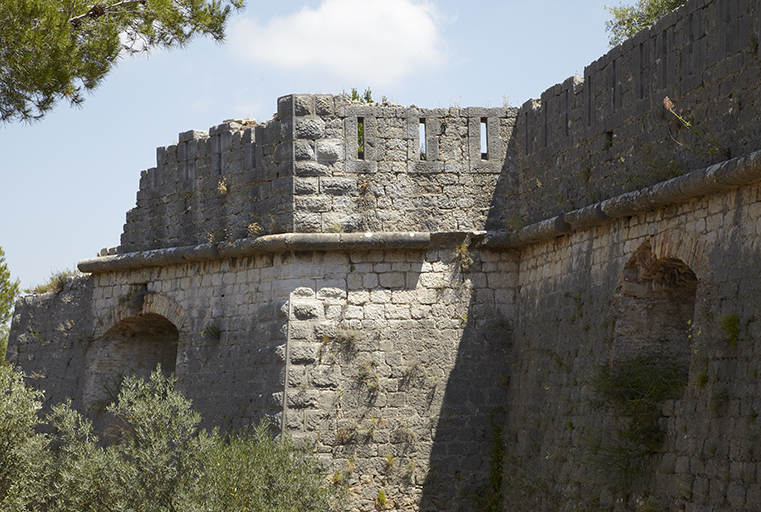 Front de tête nord-ouest :côté gauche du bastion central et branche ou courtine gauche, parapet crénelé.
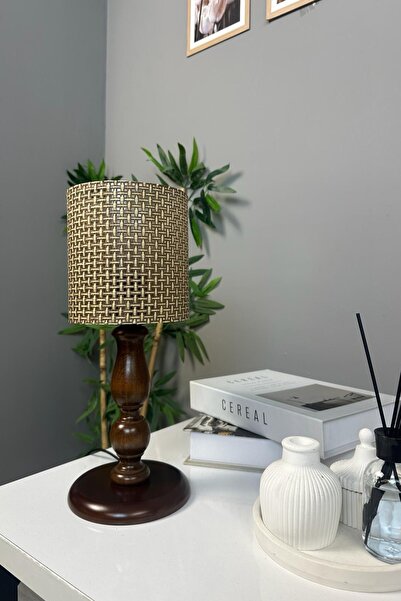 Bamyum Ratta Hasır Dokulu Sütlü Kahve Ahşap Sütun Gövde Masa Lambası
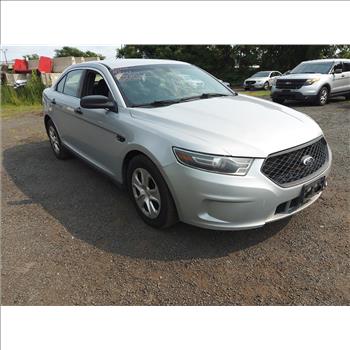 2015 Ford Taurus (Hartford, CT 06114)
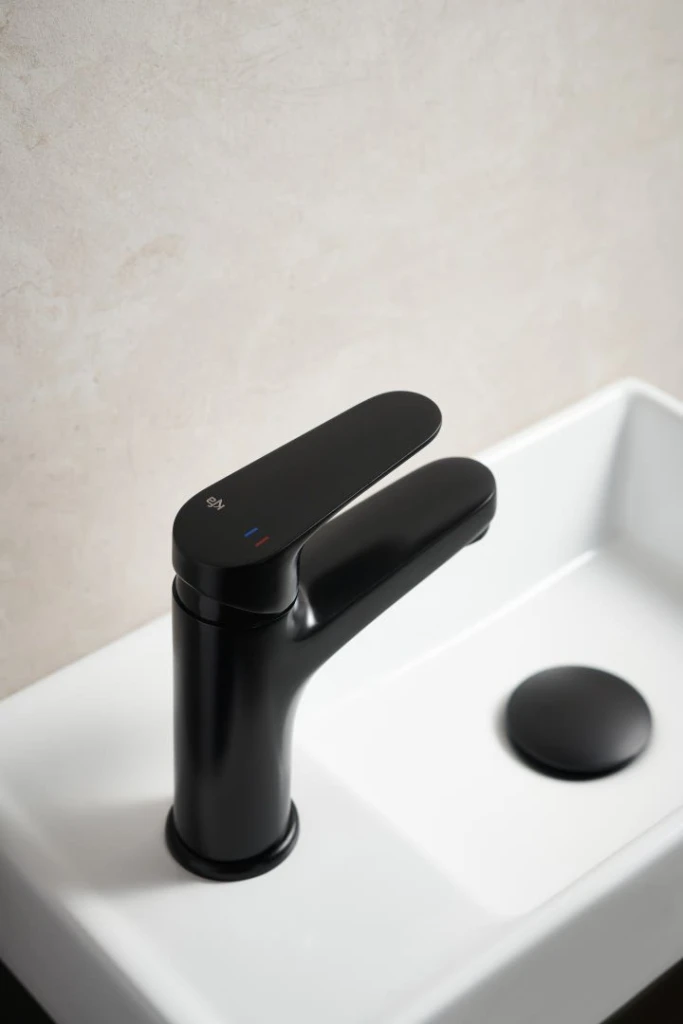 Смеситель для умывальника на умывальник armatura otava black черный 5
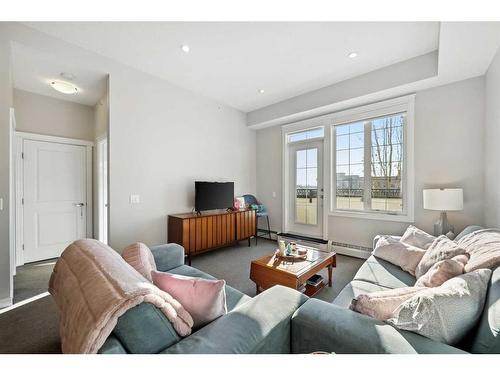 311-39 Quarry Gate Se, Calgary, AB - Indoor Photo Showing Living Room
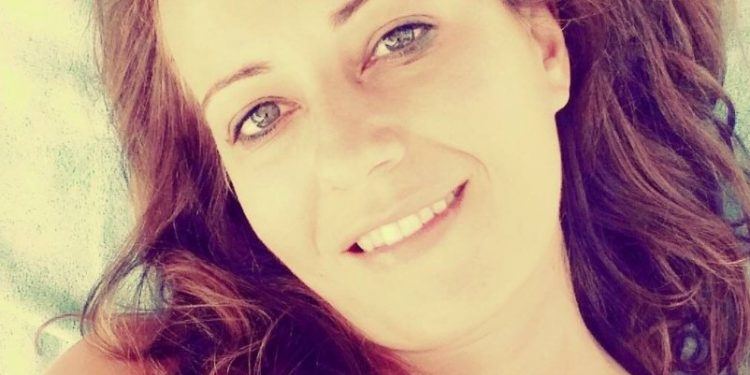 Alldaynews.gr Τραγωδία: Έχασε στα 40 της χρόνια, τη μάχη με τον κορoνοϊό η Αλέκα-Μητέρα μικρού παιδιού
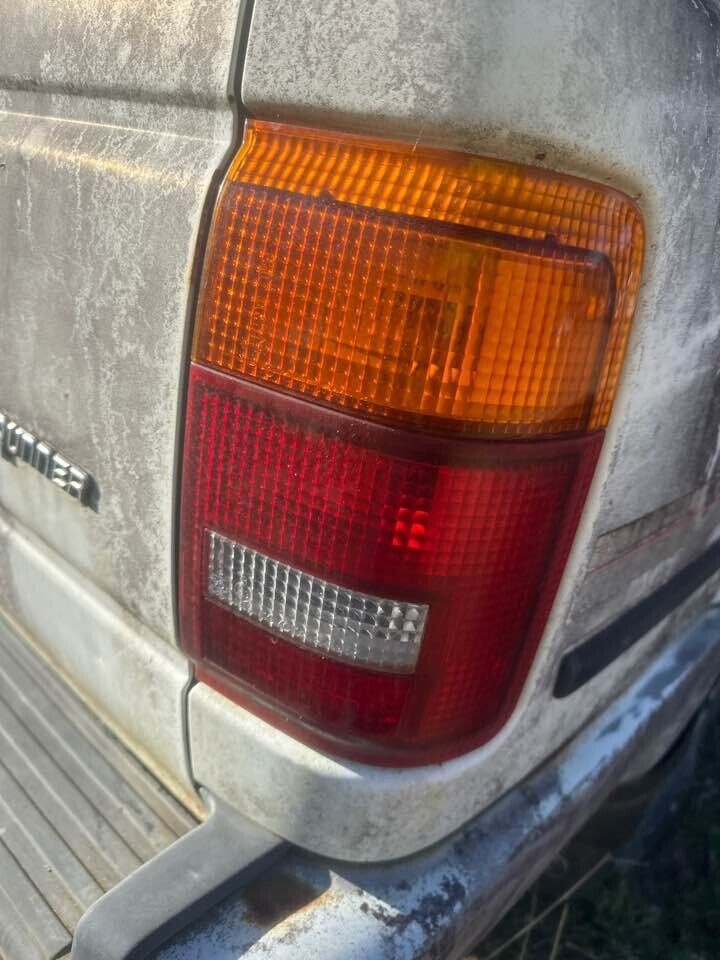 1992 Toyota 4Runner RH Drivers Right Taillight #B284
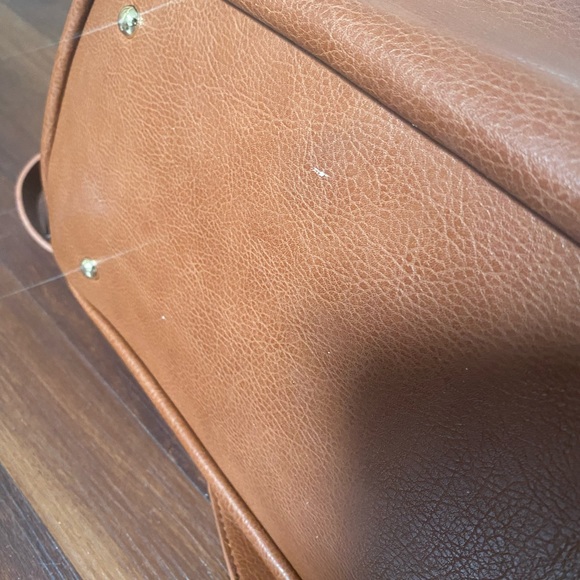 Cognac Faux Leather Weekender bag - Picture 11 of 12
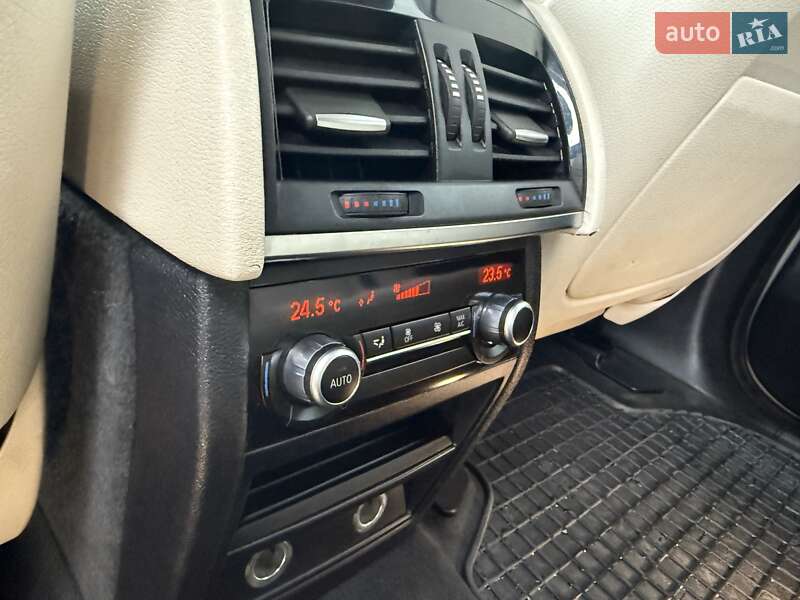 Внедорожник / Кроссовер BMW X5 2014 в Киеве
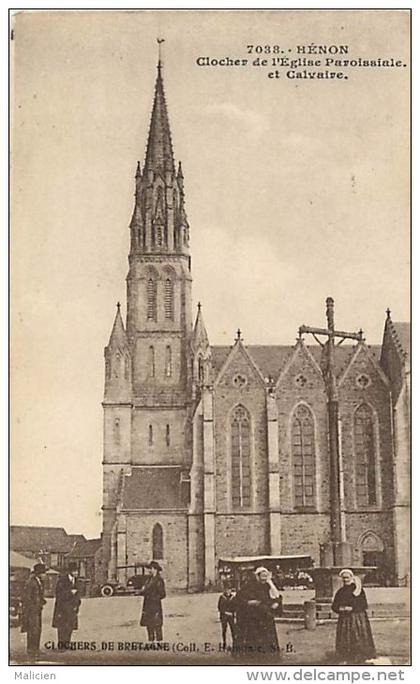 - côtes d armor -ref -C 384 -  henon  - clocher de l eglise paroissiale et calvaire - marche - voiture  carte bon etat -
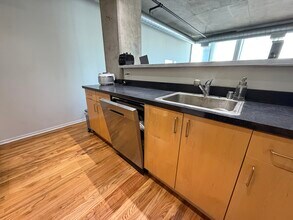 700 W Van Buren St, Unit 700 W Van Buren St 1201 in Chicago, IL - Building Photo - Building Photo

Your instructions: Output the lines of the data exactly, starting at the first and ending with the line that has "Внедорожник / Кроссовер BMW X5 2014 в Киеве". Pictures are not part of it.

Solution below:
 Front de tête nord-ouest :côté gauche du bastion central et branche ou courtine gauche, parapet crénelé.
 Bamyum Ratta Hasır Dokulu Sütlü Kahve Ahşap Sütun Gövde Masa Lambası
 2015 Ford Taurus (Hartford, CT 06114)
 Смеситель для умывальника на умывальник armatura otava black черный 5
 311-39 Quarry Gate Se, Calgary, AB - Indoor Photo Showing Living Room
 Alldaynews.gr Τραγωδία: Έχασε στα 40 της χρόνια, τη μάχη με τον κορoνοϊό η Αλέκα-Μητέρα μικρού παιδιού
 1992 Toyota 4Runner RH Drivers Right Taillight #B284
 Cognac Faux Leather Weekender bag - Picture 11 of 12
 Внедорожник / Кроссовер BMW X5 2014 в Киеве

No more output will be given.